The Art Alliance of Idyllwild plans to stage a fundraiser to help pay mounting medical and rehabilitation expenses for local artist Hiroko Momii, seriously injured in a May 2014 car accident on Highway 243.
The event takes place as part of the Second Saturday Art Fair that takes place on the grounds of the Idyllwild Community Center, from 10 a.m. until 5 p.m., Saturday, August 9.
Organized in conjunction with AAI and the Elders of the Idyllwild Conversation, the benefit will feature sale of Momii paintings and artwork with 100 percent of sales dedicated to defraying her medical expenses. There will also be a raffle and drawing with one of Hiroko’s paintings as the grand prize.

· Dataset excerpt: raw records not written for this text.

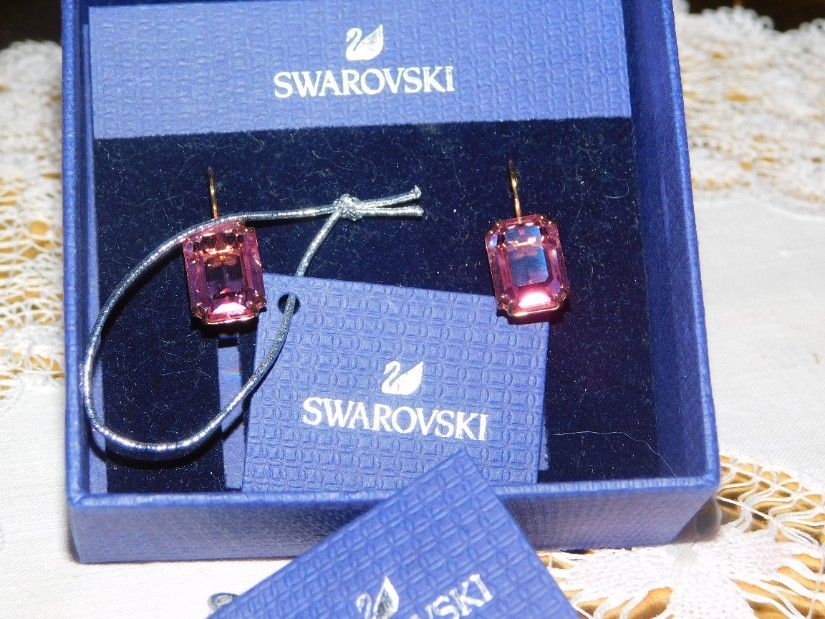Cercei noi  SWAROVSKI,  ambalaj original,  deosebiti,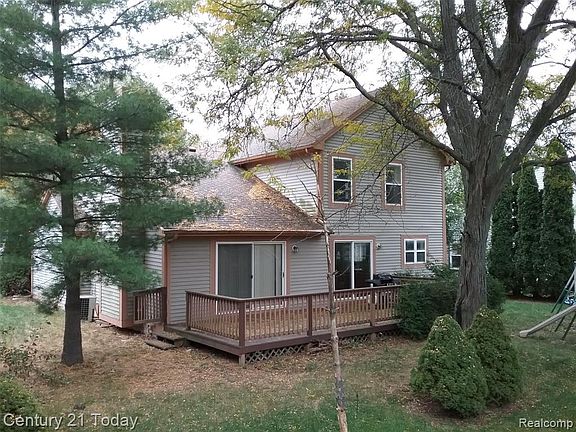 4th image of 23040 Potomac Cir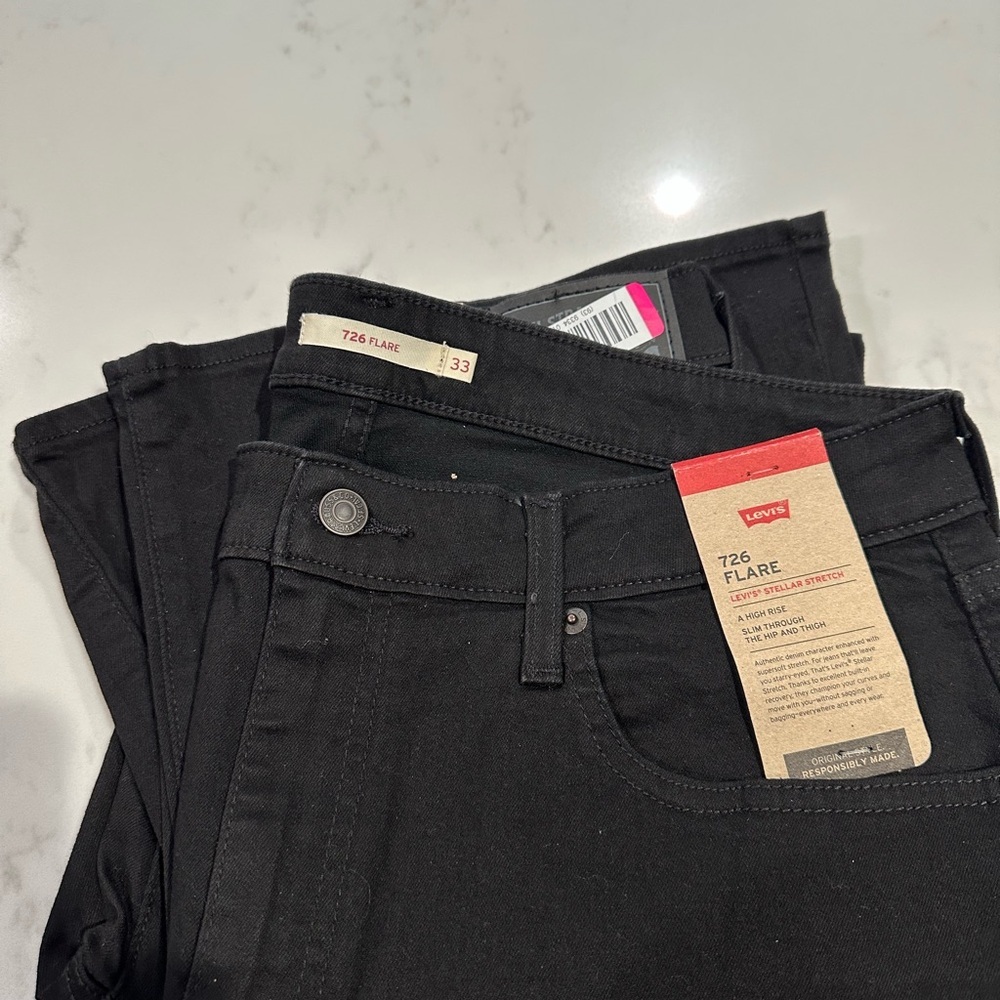 Levi’s 726 HIGH RISE FLARE WOMEN'S JEANS Size 33 - Picture 8 of 9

Momii, on her webpage, quotes Vasily Kadinskey, as to why artists create: “Spirituality is the purpose of art.” Momii explains her own motivation in this way. “My work has been created through my close feelings of affinity with nature and indigenous cultures, which is, by nature, spiritual,” she noted. “I believe in beauty, awe and sublime in life. Painting is the art of reaching that state of being for me. My paintings are about uplifting my spirit and that of the viewer’s.”
Born in Japan, Momii grew up with the traditional Japanese value system – that a woman’s happiness and fulfillment are inextricably tied to her marriage, the home and raising children. She did not, however, feel comfortable in taking on this role as her culture required.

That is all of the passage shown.